§ **ABOUT THIS EXERCISE**: Please retype the listing below exactly, from its opening line through the line where "Jimmy Choo Tan" appears.

§ **MATERIAL FOR THIS TASK**:

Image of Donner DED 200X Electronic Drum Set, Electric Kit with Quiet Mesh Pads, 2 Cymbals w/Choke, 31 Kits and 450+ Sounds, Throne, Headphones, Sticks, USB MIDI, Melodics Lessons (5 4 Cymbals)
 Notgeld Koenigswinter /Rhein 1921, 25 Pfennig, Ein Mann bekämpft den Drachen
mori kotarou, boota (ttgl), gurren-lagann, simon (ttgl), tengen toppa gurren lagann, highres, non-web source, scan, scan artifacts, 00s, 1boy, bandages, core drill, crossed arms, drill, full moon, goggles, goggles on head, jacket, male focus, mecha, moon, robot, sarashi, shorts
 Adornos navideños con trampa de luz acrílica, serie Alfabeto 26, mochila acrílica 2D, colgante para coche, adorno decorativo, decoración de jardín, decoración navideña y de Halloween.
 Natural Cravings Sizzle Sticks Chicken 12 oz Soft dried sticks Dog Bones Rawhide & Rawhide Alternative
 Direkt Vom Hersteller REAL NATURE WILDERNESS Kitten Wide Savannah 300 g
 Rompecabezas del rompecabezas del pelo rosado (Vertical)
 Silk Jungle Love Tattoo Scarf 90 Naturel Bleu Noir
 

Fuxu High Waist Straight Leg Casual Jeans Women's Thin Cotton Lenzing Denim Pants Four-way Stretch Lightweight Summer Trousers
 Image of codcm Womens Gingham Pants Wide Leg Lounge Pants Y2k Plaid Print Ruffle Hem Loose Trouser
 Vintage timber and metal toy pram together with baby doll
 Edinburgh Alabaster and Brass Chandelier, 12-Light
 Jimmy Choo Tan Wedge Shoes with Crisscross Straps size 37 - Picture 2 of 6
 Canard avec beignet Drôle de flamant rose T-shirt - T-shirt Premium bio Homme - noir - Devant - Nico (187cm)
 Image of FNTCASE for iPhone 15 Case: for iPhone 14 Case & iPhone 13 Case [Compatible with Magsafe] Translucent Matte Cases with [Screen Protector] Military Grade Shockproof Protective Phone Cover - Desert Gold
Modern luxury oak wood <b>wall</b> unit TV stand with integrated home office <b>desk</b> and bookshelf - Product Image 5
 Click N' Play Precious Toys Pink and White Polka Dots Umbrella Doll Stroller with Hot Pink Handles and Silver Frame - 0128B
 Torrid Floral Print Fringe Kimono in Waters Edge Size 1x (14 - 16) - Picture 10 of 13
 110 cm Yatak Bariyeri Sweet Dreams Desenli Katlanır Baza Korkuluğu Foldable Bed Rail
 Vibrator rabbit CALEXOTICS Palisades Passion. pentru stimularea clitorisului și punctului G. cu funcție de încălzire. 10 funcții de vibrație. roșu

§ **SOLUTION BELOW**:
Image of Donner DED 200X Electronic Drum Set, Electric Kit with Quiet Mesh Pads, 2 Cymbals w/Choke, 31 Kits and 450+ Sounds, Throne, Headphones, Sticks, USB MIDI, Melodics Lessons (5 4 Cymbals)
 Notgeld Koenigswinter /Rhein 1921, 25 Pfennig, Ein Mann bekämpft den Drachen
mori kotarou, boota (ttgl), gurren-lagann, simon (ttgl), tengen toppa gurren lagann, highres, non-web source, scan, scan artifacts, 00s, 1boy, bandages, core drill, crossed arms, drill, full moon, goggles, goggles on head, jacket, male focus, mecha, moon, robot, sarashi, shorts
 Adornos navideños con trampa de luz acrílica, serie Alfabeto 26, mochila acrílica 2D, colgante para coche, adorno decorativo, decoración de jardín, decoración navideña y de Halloween.
 Natural Cravings Sizzle Sticks Chicken 12 oz Soft dried sticks Dog Bones Rawhide & Rawhide Alternative
 Direkt Vom Hersteller REAL NATURE WILDERNESS Kitten Wide Savannah 300 g
 Rompecabezas del rompecabezas del pelo rosado (Vertical)
 Silk Jungle Love Tattoo Scarf 90 Naturel Bleu Noir
 

Fuxu High Waist Straight Leg Casual Jeans Women's Thin Cotton Lenzing Denim Pants Four-way Stretch Lightweight Summer Trousers
 Image of codcm Womens Gingham Pants Wide Leg Lounge Pants Y2k Plaid Print Ruffle Hem Loose Trouser
 Vintage timber and metal toy pram together with baby doll
 Edinburgh Alabaster and Brass Chandelier, 12-Light
 Jimmy Choo Tan Wedge Shoes with Crisscross Straps size 37 - Picture 2 of 6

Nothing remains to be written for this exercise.